Our most powerful tools in creating todays high velocity businesses—tools like straight-through processing, LEAN and Six Sigma—worked by removing variation from business processes to increase throughput. The same tools prevent us from effectively responding to these disruptions.

Opportunities today are more frequent, but disruptive and fleeting. An open air festival in the country might represent an opportunity for a tolling operator to manage parking in an adjacent field, if the solution can be deployed as sufficient scale rapidly enough. Or the current trend for pop-up retail stores (if new products rapidly come and go, then why not stores) could be moved from an exceptional, special occasion marketing tool, into the mainstream as a means to optimize sales day-by-day. Responding to these opportunities implies reconfiguring our business on the fly—rapidly integrating business exceptions into the core of our business. This might range from reconfiguring our carefully designed global supply chain, through changing core mortgage approval criteria and processes to modifying category management strategies in (near) real time.
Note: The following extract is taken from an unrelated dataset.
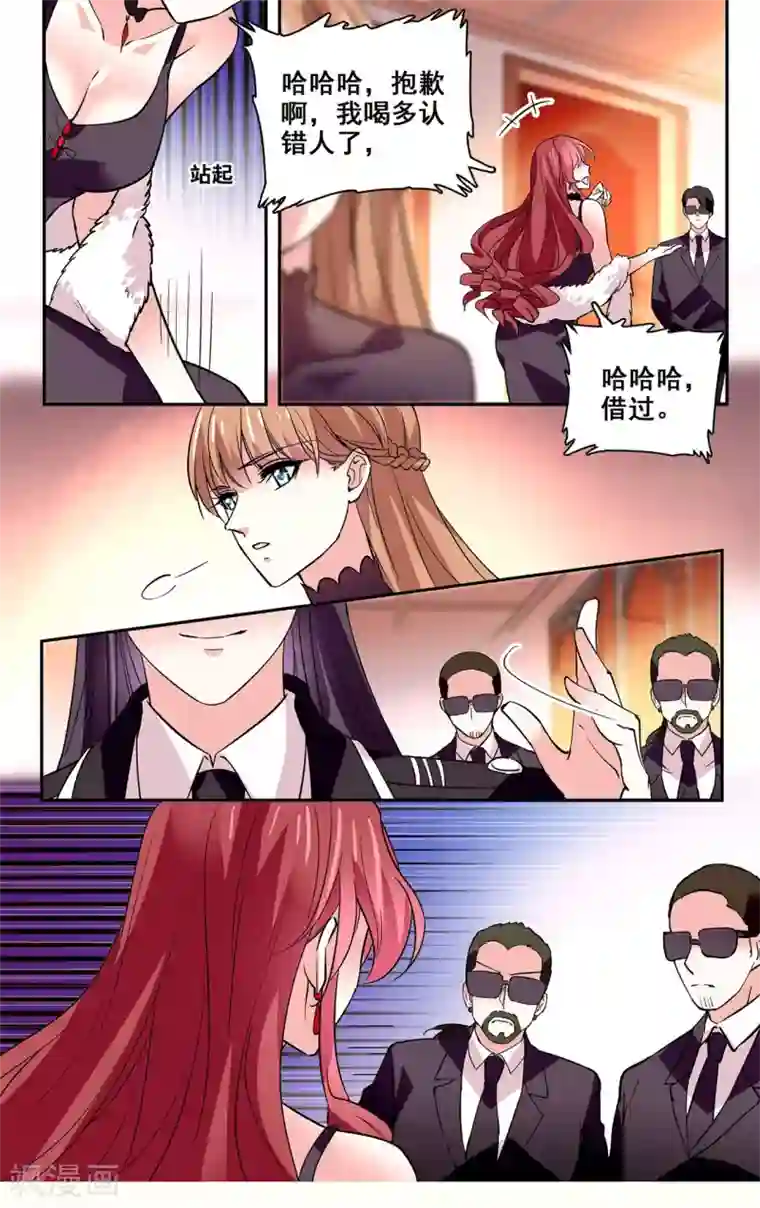 深海危情第20话 奇怪的关系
Sam: Waiting while his bank sorts itself out
Sam: Waiting while his bank sorts itself out

We’re entering a time when our ability to change direction, adapting to and leveraging changes in the commercial environment as they occur, will drive our success. If we can react faster than the competition then we can capitalize on a business opportunity and harvest any value the opportunity creates. Our focus will become acceleration: working too build businesses with the flexibility and spare energy required to turn and respond rapidly. These businesses will be the F1 cars of business, providing a massive step in performance over more conventional organizations. And, just like F1, they will also require a new level of performance from our knowledge workers. If acceleration is our focus, then our biggest challenge will be creating time and space required by our knowledge workers to identify these opportunities, turn the steering wheel and leverage them as they occur.

Update: A friend of mine just pointed out that the logical progression of mass → velocity → acceleration naturally leads to jerk, which is an informal unit of measurement for the third derivative.